VML elements are styled by creating CSS-like styles in a namespace. OpenLayers creates an ol: namespace and then creates styles like ol:line ol:circle, etc.
To do this, it has to access document.namespaces. Document.namespaces is not always around: notably, you can't depend on it being around before document.ready.
But, sometimes document.namespaces *is* around before document.ready and that's the thing that messed up my worldview. So, the theory was, there are modes. Something in HTML can prevent document.namespaces being filled in before document.ready.
Here's how it goes.
$( or $(document).ready()
- If there is a broken image on the page, then namespaces is not filled in.
- If the page has no broken images, then document.namespaces is accessible
- document.namespaces is always filled in.
IE cannot handle more than 31 stylesheets on a page at a time. This is clearly the
devil's work, but it persists beyond IE8. If there are 31 stylesheets and you run an
OpenLayers map, it cannot add another stylesheet to initialize its VML namespace.

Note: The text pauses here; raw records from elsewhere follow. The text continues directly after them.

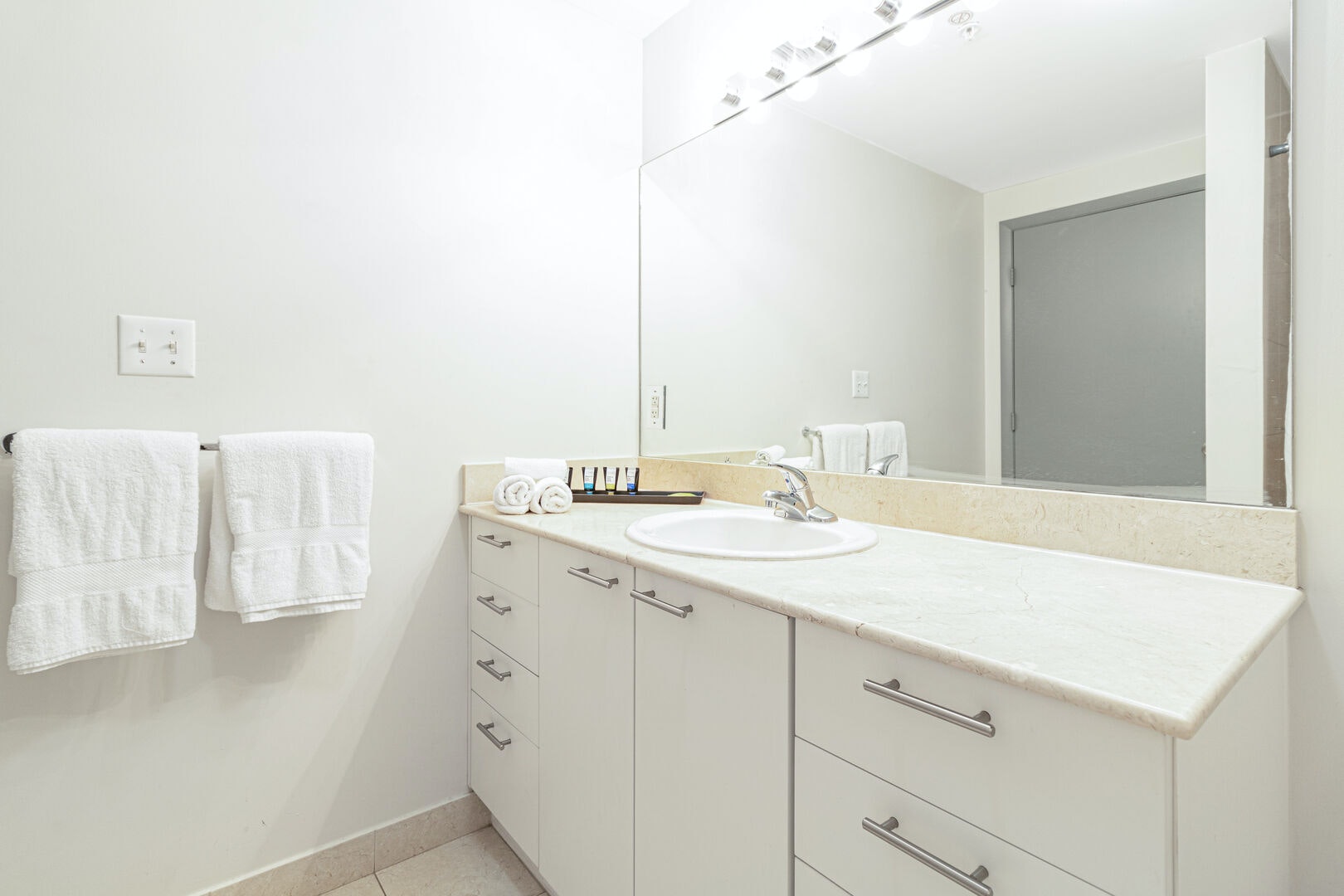 Miami Beach Home 1007080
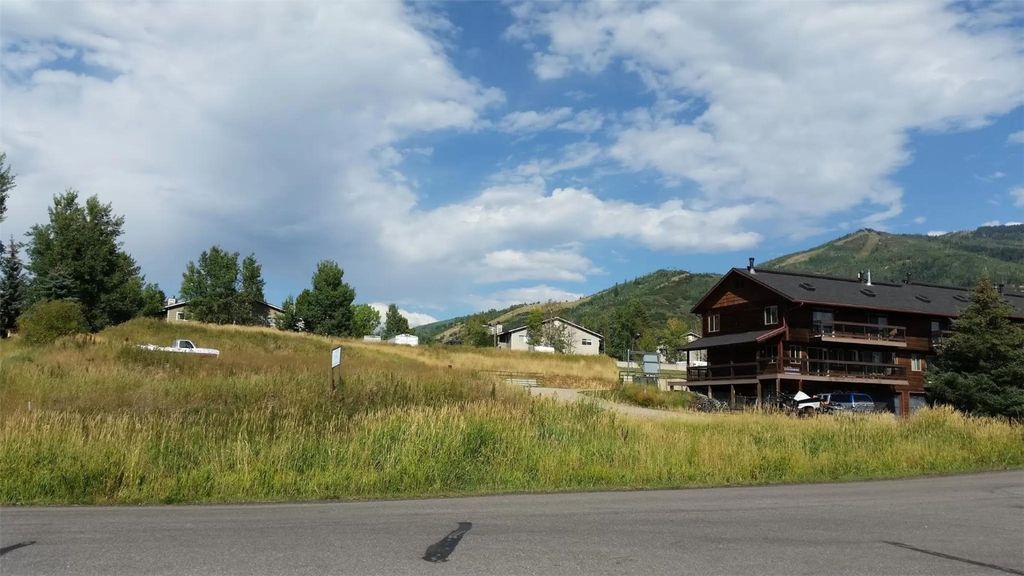 1382/1384 Skyview Ln, Steamboat Springs, CO 80487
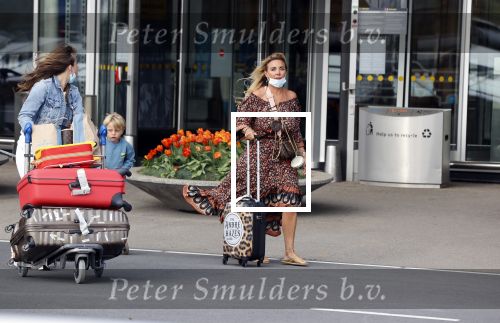 Schiphol 21 mei 2021
Monique Westenberg zoontje Andre Hazes jr en twee vriendinnen arriveren op schiphol na een vakantie op ibiza.
Haar vader komt ze halen .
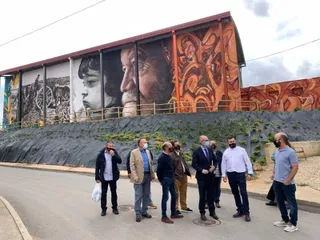 Iglesias y la Corporación de Castellanos, junto a la obra 'Recuerdo'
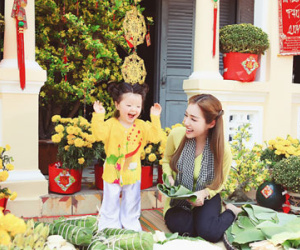 Elly Trần lần đầu chụp ảnh đón Tết cùng con gái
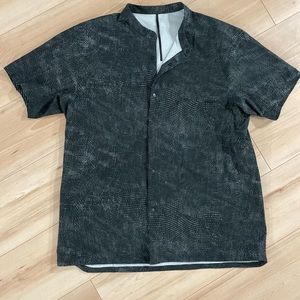Lululemon Men’s Airing Easy Stand Collar Shirt Digital Drift Black Multi
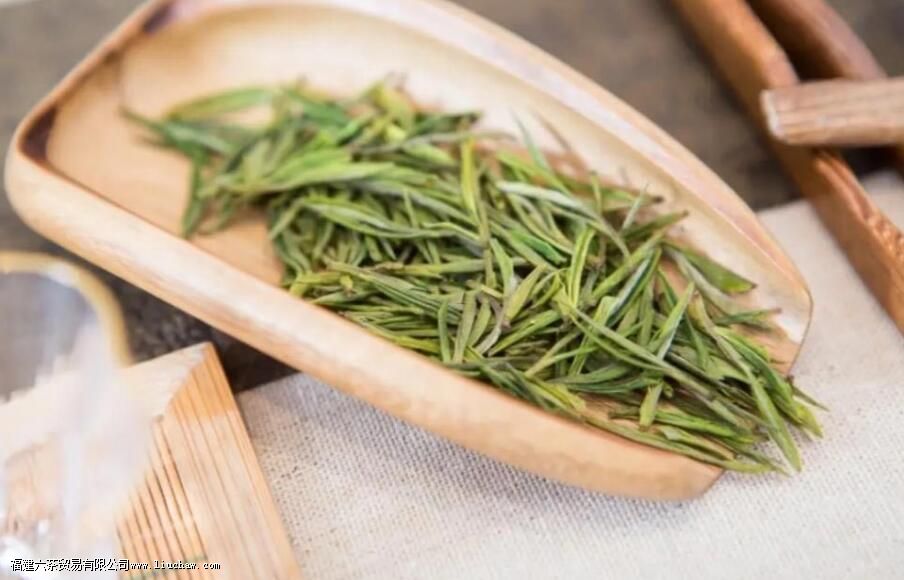 看、闻、摸、尝,实体店买茶这几个细节要注意 看、闻、摸、尝,实体店买茶这几个细节要注意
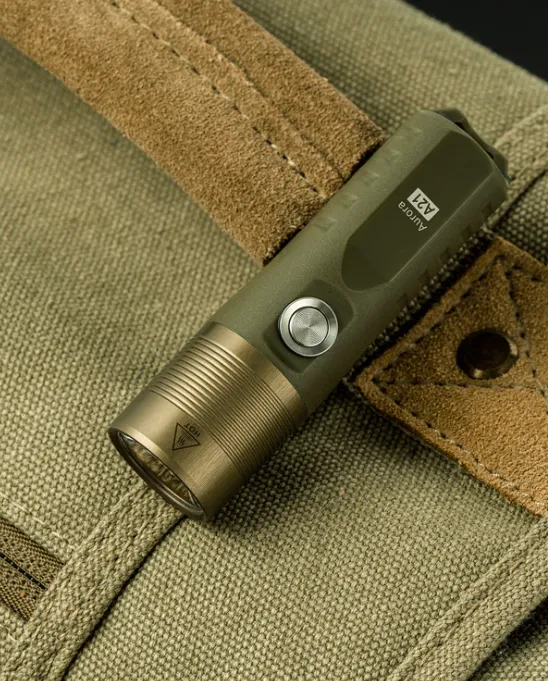 ĐÈN PIN CHIẾU TIA UV LÀ GÌ? ỨNG DỤNG CỦA ĐÈN PIN TIA CỰC TÍM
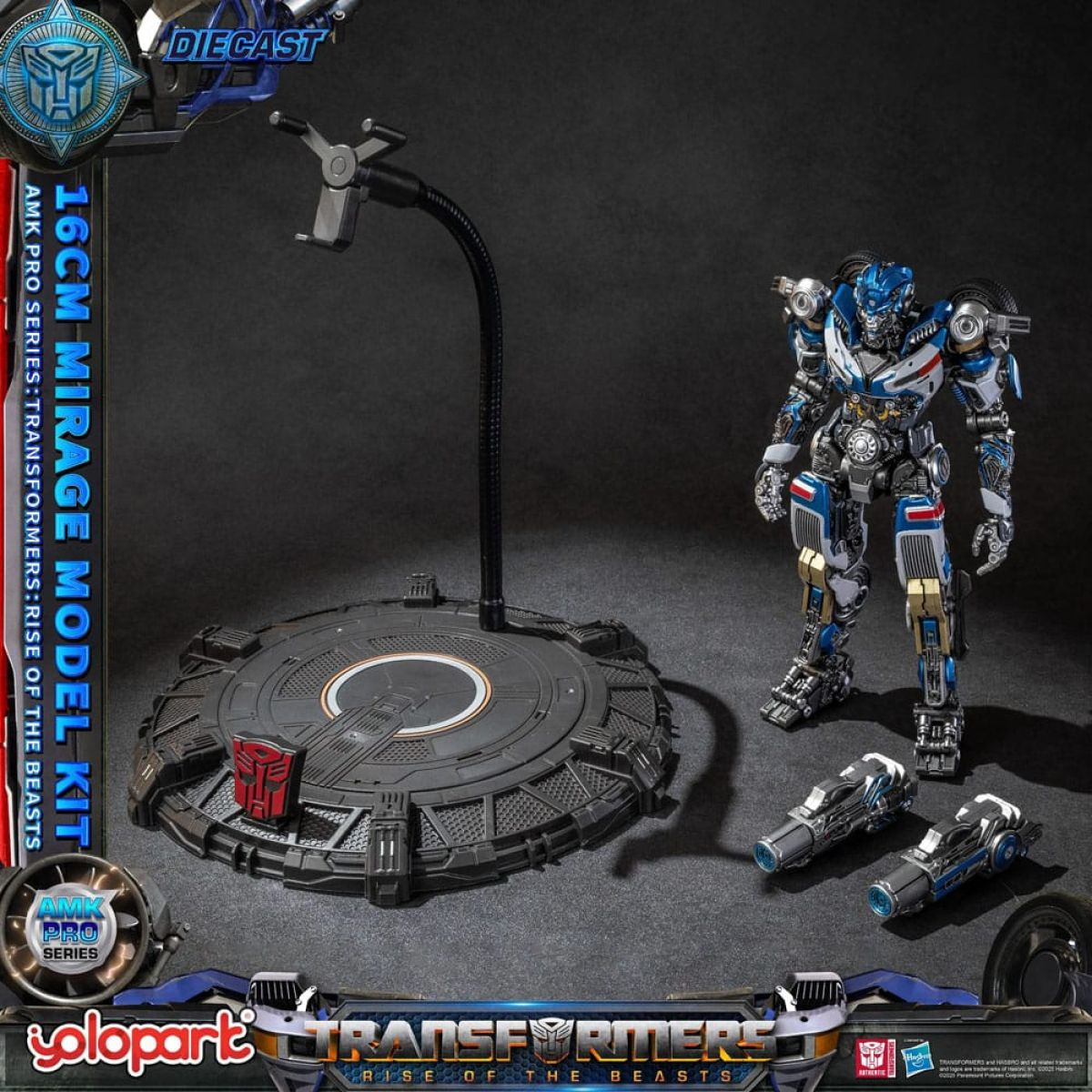 Transformers Mirage Modellbausatz mit blauer Roboterfigur, Display-Basis und Zubehör.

Therefore, the map breaks. You must aggregate your CSS.
We can't move openlayers to document.load() because it is dependent on the Drupal behaviors stack, that runs on document.ready(). We need to just define document.namespaces before OpenLayers asks its VML renderer whether the current browser is capable of rendering VML (a task it tries to complete by calling !!(document.namespaces))
Adding a tag
<meta http-equiv="X-UA-Compatible" content="IE=EmulateIE7" /> will allow IE8 to render vectors if it doesn't render them correctly on a normal pageload. Note that this must be the first element inside the header tag.